La Guinée participe activement aux négociations concernant l’adoption de l’éco, la future monnaie unique de la Communauté économique des États de l’Afrique de l’Ouest (CEDEAO). Cette précision a été apportée par Ousmane Gaoual Diallo, porte-parole du gouvernement guinéen, face aux interrogations persistantes autour de l’engagement du pays dans ce projet régional ambitieux.
Un projet régional aux enjeux majeurs
Le projet de monnaie unique ouest-africaine figure parmi les initiatives les plus structurantes de la CEDEAO depuis plusieurs années. Porté par plusieurs États membres, il vise à faciliter les échanges commerciaux, réduire les coûts de transaction et renforcer l’intégration économique régionale.
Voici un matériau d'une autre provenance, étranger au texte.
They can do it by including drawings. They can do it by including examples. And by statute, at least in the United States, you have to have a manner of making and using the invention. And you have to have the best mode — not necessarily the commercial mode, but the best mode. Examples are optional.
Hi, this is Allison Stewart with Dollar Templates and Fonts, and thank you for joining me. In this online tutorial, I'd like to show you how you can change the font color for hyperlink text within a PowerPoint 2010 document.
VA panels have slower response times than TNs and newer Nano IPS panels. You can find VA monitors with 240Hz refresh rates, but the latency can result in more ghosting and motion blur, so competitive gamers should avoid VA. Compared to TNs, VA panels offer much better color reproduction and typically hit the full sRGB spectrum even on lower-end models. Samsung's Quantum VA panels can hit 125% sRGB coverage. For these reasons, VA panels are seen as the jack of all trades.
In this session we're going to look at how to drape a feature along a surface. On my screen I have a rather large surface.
Pour les entreprises guinéennes, une telle convergence monétaire pourrait simplifier l’accès aux marchés voisins et diminuer les frais liés aux conversions de devises.
Cependant, le passage à une monnaie unique suppose une coordination stricte des politiques monétaires et fiscales entre les pays membres — un défi majeur pour des économies dont les structures et les cycles économiques diffèrent sensiblement.
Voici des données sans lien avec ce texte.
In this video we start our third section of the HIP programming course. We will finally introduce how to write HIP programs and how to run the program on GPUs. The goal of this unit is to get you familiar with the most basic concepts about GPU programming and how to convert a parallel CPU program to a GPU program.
Une participation affirmée, une décision en suspens
En affirmant que la Guinée « participe aux discussions », le gouvernement signale son implication dans le processus de négociation sans pour autant annoncer un calendrier ou des conditions précises d’adhésion. Cette formulation prudente reflète la complexité des enjeux : l’adoption de l’éco ne sera effective que si des critères de convergence macroéconomique sont respectés — taux d’inflation, dette publique, stabilité budgétaire.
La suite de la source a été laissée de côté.